Although density modification (solvent flattening, non-crystallographic symmetry, phase extension, histogram matching, etc.) has been a very powerful tool, its potential is much greater than has been achieved so far. There are two reasons for this:
RESOLVE uses a statistical approach to density modification, while other methods use an approach in which a map is modified to meet expectations and the new phases are recombined with experimental phases. For the mathematical details, see the references for RESOLVE . You might also wish to see the discussion and extensions in Kevin Cowtan's article "Gaussian Likelihoods in real and reciprocal space" in the CCP4 newsletter.
What is the optimal relative weighting of modified and experimental phases? |
Incorrect relative weighting means that the
final results will not be optimal
Incorrect weighting terms mean that the final figures of merit are almost always inflated |
When do you stop iterating? | In some approaches the maps initially get better, then get worse unless you stop |
Density modification can be thought of as a way to adjust crystallographic phases (or amplitudes) to make them simultaneously consistent with the experimental data and with our expectations of what an electron density map should look like.
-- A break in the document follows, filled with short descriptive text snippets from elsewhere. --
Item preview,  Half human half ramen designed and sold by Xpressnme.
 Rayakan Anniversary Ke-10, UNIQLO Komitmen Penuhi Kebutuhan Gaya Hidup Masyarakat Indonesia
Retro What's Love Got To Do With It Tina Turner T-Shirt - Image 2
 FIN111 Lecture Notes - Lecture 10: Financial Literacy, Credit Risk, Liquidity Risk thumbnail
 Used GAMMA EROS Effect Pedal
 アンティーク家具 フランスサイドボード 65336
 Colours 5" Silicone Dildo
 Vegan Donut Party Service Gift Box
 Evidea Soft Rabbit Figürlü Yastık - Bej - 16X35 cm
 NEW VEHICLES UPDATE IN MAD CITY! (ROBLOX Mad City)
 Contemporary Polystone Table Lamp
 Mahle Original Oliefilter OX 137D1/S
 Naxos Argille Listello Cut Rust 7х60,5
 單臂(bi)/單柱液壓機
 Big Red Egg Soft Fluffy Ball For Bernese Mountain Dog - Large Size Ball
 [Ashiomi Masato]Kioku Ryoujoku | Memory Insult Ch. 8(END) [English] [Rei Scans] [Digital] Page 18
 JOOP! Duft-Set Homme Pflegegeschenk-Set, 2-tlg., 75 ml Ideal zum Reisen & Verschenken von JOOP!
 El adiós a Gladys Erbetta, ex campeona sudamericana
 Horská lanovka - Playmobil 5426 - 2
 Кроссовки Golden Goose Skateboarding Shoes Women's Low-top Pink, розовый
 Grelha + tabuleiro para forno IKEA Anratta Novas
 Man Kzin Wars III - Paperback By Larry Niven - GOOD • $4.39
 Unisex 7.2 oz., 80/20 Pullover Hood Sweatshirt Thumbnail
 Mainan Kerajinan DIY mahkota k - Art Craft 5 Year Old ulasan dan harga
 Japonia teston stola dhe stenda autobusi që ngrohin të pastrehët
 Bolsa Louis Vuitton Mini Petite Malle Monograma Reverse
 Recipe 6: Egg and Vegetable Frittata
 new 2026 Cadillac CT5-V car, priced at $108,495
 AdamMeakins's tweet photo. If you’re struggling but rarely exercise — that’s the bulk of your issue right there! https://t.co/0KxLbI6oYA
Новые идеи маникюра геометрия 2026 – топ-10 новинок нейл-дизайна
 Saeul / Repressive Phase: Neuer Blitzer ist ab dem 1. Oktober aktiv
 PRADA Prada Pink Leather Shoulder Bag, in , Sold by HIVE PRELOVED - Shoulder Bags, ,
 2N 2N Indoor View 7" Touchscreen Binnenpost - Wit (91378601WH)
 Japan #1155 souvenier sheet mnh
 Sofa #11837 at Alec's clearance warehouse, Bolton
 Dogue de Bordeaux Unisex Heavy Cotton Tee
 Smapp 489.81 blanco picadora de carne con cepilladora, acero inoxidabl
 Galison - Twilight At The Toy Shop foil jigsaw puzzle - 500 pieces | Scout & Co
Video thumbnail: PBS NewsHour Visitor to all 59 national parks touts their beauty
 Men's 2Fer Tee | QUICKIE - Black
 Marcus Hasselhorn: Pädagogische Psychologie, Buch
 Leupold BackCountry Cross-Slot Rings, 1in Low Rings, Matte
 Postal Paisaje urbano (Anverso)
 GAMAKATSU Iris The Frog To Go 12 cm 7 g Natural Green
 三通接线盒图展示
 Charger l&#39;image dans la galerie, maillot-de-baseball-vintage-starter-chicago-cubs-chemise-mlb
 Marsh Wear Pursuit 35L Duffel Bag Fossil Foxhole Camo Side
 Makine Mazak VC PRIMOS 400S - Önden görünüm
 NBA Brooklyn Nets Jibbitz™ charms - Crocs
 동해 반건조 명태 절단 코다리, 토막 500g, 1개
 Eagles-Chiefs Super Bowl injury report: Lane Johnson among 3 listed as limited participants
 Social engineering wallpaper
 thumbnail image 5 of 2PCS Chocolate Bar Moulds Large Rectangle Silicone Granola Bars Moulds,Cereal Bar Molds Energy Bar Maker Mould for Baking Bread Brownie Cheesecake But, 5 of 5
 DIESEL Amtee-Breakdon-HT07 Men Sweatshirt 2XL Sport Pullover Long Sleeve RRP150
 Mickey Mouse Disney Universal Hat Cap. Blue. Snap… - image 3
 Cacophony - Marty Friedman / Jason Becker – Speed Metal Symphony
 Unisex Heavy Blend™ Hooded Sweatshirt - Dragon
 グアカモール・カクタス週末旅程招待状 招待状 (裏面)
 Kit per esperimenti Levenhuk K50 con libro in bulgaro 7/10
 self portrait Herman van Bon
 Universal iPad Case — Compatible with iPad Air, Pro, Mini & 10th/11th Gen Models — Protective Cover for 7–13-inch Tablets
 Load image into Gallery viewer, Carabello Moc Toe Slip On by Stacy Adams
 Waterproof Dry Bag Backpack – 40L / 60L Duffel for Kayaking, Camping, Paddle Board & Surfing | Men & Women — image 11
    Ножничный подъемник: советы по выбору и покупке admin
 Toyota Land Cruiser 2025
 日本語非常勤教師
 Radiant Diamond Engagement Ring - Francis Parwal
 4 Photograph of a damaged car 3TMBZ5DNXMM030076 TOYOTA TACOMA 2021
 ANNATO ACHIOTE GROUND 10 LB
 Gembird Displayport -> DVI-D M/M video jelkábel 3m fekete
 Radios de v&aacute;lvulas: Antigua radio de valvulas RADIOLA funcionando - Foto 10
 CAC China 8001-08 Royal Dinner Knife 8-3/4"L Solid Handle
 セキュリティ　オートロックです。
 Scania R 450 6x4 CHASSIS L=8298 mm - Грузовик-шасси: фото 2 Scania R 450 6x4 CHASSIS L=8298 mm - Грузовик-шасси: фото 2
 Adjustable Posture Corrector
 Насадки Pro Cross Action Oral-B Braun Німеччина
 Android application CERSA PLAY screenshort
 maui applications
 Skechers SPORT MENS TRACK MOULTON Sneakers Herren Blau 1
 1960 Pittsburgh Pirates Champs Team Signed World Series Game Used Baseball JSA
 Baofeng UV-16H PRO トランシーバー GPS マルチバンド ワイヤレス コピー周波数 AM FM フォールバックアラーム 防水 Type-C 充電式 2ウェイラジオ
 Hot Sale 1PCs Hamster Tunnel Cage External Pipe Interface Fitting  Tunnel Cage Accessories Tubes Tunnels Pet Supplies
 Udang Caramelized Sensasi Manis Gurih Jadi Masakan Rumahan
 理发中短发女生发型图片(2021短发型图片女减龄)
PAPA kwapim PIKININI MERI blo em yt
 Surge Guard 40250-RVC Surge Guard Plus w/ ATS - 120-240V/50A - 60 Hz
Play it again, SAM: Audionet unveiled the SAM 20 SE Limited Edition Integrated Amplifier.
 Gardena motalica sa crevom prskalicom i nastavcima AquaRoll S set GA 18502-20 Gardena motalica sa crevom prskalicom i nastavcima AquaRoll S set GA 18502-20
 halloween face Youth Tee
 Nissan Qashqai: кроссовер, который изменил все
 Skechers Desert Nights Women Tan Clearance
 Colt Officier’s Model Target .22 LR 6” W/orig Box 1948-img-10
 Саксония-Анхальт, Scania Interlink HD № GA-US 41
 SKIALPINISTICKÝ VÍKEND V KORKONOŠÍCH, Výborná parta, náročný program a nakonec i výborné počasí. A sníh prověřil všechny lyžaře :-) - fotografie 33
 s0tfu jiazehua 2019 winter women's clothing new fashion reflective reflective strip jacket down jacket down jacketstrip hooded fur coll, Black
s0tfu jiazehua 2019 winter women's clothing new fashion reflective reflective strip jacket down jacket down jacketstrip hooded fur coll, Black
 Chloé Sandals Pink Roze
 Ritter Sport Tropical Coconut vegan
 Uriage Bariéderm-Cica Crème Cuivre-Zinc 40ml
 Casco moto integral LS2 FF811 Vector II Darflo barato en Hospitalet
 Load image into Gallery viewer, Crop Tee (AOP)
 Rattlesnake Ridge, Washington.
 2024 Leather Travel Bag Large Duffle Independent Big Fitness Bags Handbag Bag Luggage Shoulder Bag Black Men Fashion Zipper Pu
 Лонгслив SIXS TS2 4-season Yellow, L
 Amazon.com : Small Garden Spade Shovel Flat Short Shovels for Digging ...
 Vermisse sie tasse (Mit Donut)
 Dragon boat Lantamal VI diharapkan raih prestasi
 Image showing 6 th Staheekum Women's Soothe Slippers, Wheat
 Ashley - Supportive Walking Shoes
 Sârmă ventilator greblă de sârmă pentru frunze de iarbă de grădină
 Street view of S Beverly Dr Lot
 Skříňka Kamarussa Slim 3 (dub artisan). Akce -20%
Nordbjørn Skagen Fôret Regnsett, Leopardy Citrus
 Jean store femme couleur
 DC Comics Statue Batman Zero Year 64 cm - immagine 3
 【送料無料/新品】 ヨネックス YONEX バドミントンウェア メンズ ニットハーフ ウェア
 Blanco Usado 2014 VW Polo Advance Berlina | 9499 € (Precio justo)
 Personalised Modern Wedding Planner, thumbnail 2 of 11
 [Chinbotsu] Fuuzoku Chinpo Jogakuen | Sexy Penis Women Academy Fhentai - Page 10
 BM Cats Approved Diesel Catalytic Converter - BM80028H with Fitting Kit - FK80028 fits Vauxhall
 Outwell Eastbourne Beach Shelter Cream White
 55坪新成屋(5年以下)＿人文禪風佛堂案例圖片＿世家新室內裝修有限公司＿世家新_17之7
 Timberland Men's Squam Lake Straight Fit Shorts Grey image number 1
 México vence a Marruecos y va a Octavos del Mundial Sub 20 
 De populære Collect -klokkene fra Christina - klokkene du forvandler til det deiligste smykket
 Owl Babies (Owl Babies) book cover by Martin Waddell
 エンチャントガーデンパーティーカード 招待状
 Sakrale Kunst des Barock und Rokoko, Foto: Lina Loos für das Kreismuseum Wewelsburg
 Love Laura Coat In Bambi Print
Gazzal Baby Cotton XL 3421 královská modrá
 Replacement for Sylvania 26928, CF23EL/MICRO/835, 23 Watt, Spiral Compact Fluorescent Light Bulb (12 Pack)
The statistical approach is a mathematical way to formulate this statement. By using this formulation, the weighting factors and problems with convergence are taken care of automatically.
In RESOLVE, any set of structure factor amplitudes and phases has an associated probability composed of two simple parts:
The probability of the experimental phases | This is the probability that you would have observed your experimental data if this set of phases (and amplitudes) were correct |
The lprobability of the map | This is the probability that the electron density map calculated from this set of phases is drawn from the set of plausible electron density maps for this structure |
RESOLVE adjusts your crystallographic phases so as to maximize the total (posterier) probability of those phases. The mathematics is a little complicated but the idea is very simple. To see the mathematics in detail, have a look at T. C. Terwilliger (2000) "Maximum likelihood density modification," Acta Cryst. D56, 965-972.
Note on terminology: The approach used by RESOLVE is now called "Statistical density modification," a name suggested by Kevin Cowtan. It used to be called "Maximum-likelihood density modification", using the term "likelihood" in a colloquial sense of probability. The old name (as pointed out by Gerard Bricogne and others) is confusing because the maximum-likelihood method is a specific technique that uses a specific definition of "likelihood" that is not used in this approach. Sorry to all for the confusion, and hoping that it will now be more clear. The mathematics remains exactly the same.
Density modification is usually thought of as a process that is carried out on an experimental electron density map prior to model building, but iterative model-building methods such as ARP/wARP can also be thought of as density modification techniques. With the statistical approach, partial model information can be seamlessly incorporated into the total expression for the probability of the phases. This allows a hierachical approach to incorporating information about phase probability:
The current version of RESOLVE can incorporate all of these types of information.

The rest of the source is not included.